To illustrate some of the differences that can affect the performance of the environment, we take a look at the design of two POWER 740 models. In the sequence, we make a brief comparison between the POWER 740 and the POWER 770, and finally between two models of the POWER 770.
 
Note: The next examples are only intended to demonstrate how the designs and architectures of the different machines can affect the system performance. For other types of machines, make sure you read the Technical Overview and Introduction documentation for that specific model, available on the IBM Hardware Information Center at:
http://pic.dhe.ibm.com/infocenter/powersys/v3r1m5/index.jsp
2.3.1 POWER 740 8205-E6B logical data flow
Figure 2-12 on page 28 presents the logical data flow of the 8205-E6B (POWER 740), one of the smaller models of the POWER7 family.
Figure 2-12 POWER 740 8205-E6B - Logic unit flow
The 8205-E6B has two POWER7 chips, each with two GX controllers (GX0 and GX1) connected to the GX++ slots 1 and 2 and to the internal P5-IOC2 controller.
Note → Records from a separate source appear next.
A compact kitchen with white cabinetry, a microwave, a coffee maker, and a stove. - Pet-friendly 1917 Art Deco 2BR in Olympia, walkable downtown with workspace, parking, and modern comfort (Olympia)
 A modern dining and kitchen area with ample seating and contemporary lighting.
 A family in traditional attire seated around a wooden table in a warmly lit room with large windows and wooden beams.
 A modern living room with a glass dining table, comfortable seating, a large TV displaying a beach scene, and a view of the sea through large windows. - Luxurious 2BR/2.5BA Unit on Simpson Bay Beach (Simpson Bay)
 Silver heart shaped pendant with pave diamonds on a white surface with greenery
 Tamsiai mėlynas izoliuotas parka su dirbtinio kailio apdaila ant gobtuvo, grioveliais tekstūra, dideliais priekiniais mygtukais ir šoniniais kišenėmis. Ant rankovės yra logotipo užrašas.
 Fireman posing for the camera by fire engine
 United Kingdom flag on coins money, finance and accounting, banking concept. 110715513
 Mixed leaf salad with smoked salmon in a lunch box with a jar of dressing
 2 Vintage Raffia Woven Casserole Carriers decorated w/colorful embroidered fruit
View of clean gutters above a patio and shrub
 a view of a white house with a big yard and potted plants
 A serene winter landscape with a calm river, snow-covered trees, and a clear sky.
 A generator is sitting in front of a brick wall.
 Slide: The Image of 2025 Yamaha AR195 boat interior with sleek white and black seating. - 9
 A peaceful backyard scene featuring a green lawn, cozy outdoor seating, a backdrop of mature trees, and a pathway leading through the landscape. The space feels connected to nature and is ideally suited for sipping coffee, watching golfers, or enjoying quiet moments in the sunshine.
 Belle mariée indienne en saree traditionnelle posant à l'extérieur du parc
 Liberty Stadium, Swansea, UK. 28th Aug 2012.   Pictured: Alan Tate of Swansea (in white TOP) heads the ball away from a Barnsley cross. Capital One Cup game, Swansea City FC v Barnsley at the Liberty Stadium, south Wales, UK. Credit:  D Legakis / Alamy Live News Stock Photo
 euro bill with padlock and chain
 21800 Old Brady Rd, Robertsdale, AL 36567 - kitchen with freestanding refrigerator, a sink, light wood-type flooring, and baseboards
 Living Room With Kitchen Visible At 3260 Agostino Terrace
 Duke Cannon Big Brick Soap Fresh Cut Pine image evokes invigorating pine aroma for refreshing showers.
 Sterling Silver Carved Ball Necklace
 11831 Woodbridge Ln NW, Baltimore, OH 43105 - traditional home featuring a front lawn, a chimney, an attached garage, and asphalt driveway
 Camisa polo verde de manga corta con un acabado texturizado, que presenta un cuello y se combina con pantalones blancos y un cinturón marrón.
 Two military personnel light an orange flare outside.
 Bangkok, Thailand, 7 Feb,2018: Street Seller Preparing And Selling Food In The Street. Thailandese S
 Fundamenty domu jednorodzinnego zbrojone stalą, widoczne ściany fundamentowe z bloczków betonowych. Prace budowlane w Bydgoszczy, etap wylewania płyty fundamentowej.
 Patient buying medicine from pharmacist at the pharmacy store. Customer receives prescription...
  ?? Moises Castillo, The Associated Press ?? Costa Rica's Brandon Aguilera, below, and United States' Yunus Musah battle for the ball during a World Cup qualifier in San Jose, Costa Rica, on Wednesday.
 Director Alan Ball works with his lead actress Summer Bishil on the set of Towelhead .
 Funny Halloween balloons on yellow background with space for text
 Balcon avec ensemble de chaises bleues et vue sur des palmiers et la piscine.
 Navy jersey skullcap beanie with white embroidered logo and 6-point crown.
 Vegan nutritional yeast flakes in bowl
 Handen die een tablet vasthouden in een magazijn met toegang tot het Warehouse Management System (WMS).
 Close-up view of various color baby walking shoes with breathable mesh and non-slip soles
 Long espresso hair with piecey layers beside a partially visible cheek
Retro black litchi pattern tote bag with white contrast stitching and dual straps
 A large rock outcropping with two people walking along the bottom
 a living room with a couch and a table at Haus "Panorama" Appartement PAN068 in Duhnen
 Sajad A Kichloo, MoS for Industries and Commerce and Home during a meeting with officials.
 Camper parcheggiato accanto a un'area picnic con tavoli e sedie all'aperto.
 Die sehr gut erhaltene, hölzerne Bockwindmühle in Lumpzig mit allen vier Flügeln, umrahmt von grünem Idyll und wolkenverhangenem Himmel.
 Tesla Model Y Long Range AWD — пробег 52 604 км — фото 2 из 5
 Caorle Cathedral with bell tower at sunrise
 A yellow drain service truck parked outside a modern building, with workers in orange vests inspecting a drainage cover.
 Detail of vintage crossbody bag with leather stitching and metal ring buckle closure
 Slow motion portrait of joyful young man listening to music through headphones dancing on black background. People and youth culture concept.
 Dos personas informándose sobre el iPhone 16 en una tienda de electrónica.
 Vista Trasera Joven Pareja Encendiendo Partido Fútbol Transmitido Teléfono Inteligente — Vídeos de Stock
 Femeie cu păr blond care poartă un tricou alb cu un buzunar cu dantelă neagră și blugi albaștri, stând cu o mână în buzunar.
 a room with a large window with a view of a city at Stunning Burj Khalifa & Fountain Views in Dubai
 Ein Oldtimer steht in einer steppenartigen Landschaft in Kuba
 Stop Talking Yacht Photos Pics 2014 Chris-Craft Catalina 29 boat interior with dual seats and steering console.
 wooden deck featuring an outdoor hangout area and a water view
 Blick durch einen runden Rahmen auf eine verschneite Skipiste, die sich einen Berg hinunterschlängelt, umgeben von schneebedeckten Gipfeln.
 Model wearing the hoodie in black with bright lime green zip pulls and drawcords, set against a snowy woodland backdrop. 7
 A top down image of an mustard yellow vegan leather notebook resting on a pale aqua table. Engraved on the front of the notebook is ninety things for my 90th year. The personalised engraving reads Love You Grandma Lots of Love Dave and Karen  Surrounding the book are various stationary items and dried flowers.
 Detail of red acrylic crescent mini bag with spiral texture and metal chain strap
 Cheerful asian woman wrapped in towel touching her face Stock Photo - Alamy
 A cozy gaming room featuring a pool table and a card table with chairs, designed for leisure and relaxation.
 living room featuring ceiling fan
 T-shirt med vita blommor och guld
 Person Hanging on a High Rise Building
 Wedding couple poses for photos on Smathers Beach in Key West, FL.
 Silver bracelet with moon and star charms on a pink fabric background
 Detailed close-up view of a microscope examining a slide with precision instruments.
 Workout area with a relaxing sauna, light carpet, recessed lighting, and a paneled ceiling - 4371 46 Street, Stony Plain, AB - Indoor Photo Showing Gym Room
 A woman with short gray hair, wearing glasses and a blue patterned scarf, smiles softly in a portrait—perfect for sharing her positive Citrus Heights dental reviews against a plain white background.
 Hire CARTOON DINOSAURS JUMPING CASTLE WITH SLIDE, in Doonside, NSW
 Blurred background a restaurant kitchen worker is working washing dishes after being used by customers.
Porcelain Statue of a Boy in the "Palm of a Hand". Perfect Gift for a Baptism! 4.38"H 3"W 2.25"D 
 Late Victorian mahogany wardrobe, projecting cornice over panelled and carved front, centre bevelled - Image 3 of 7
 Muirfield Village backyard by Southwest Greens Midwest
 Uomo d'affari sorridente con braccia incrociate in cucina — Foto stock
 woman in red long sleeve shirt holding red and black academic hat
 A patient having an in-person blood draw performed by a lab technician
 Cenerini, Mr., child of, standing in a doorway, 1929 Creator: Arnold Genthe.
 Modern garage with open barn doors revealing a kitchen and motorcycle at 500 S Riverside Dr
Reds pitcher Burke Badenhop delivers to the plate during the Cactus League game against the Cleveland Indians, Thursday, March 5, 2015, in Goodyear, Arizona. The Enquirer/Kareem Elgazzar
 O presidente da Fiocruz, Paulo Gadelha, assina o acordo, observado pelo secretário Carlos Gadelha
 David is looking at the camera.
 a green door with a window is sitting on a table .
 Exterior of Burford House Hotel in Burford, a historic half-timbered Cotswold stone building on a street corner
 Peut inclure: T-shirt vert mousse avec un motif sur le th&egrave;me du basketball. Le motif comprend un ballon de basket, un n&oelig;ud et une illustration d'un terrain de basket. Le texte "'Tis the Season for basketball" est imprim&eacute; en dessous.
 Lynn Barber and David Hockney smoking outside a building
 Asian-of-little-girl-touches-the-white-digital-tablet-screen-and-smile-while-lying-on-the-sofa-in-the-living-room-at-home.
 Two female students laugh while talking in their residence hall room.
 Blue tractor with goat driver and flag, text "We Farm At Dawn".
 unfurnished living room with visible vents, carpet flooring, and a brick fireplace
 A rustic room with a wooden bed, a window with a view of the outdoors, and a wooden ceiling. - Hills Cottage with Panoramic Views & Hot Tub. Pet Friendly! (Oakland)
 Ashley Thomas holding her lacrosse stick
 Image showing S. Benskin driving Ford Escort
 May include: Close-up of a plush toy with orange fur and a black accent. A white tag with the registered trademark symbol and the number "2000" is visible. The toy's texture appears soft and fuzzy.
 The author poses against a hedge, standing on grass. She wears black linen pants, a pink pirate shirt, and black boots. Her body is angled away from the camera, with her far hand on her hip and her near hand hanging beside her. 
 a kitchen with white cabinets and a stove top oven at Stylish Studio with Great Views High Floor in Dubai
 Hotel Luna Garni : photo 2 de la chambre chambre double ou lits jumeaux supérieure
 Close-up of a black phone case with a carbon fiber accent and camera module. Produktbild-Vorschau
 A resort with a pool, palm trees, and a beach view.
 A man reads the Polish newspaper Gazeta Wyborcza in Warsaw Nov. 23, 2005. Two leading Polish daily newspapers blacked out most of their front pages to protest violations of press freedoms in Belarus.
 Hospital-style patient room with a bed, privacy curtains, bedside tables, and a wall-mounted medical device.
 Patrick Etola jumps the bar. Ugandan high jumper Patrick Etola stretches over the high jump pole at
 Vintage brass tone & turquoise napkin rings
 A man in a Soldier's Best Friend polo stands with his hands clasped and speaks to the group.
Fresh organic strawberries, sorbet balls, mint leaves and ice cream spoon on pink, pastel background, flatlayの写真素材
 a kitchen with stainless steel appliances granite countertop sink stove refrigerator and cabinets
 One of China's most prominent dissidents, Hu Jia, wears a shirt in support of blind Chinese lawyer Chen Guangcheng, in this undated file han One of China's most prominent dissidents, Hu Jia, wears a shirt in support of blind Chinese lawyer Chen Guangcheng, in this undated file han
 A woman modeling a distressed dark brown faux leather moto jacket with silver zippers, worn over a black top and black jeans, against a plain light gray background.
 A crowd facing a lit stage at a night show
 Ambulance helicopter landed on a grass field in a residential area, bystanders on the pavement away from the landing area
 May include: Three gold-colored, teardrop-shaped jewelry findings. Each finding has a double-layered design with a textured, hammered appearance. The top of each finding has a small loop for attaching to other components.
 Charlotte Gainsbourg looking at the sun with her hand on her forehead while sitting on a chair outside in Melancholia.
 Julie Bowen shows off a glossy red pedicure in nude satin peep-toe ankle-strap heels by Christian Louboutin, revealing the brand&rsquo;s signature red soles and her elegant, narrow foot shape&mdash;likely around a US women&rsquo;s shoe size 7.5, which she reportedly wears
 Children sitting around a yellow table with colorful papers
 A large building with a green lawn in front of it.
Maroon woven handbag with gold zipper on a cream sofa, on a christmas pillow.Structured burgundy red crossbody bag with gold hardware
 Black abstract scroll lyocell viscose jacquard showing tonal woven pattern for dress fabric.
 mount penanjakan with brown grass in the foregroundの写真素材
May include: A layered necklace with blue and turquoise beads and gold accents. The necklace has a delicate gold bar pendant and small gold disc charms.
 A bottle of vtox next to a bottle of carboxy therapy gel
The two GX++ bus slots provide 20 Gbps bandwidth for the expansion units while the P5-IOC2 limits the bandwidth of the internal slots to 10 GBps only. Further, the GX++ Slot 1 can connect both an additional P5-IOC2 controller and external expansion units at the same time, sharing its bandwidth, while GX++ Slot 2 only connects to external expansion units.
Notice that this model also has the Integrated Virtual Ethernet (IVE) ports connected to the P5-IOC2, sharing the same bandwidth with all the other internal adapters and SAS disks. It also has an External SAS Port, allowing for more weight over the 10 Gbps chipset.
2.3.2 POWER 740 8205-E6C logical data flow
This is the same picture as seen in the previous section but this time, we have the successor model 8205-E6C, as shown in Figure 2-13 on page 29.
Figure 2-13 POWER 740 8205-E6C - Logic unit flow
Although the general organization of the picture is a bit different, the design itself is still the same, but in this version there a few enhancements to notice. First, the 1.25 GHz P5-IOC from the 8205-E6B has been upgraded to the new P7-IOC with a 2.5 GHz clock on 8205-E6C, raising the channel bandwidth from 10 Gbps to 20 Gbps. Second, the newest model now comes with PCIe Gen2 slots, which allows peaks of 4 Gbps for x8 interfaces instead of the 2 Gbps of their predecessors.
Another interesting difference in this design is that the GX++ slots have been flipped. The GX slot connected to the POWER7 Chip 2 now is the GX++ Slot 1, which provides dedicated channel and bandwidth to the expansion units. And the POWER7 Chip 1 keeps the two separate channels for the P7-IOC and the GX++ Slot 2, which can still connect an optional P7-IOC bus with the riser card.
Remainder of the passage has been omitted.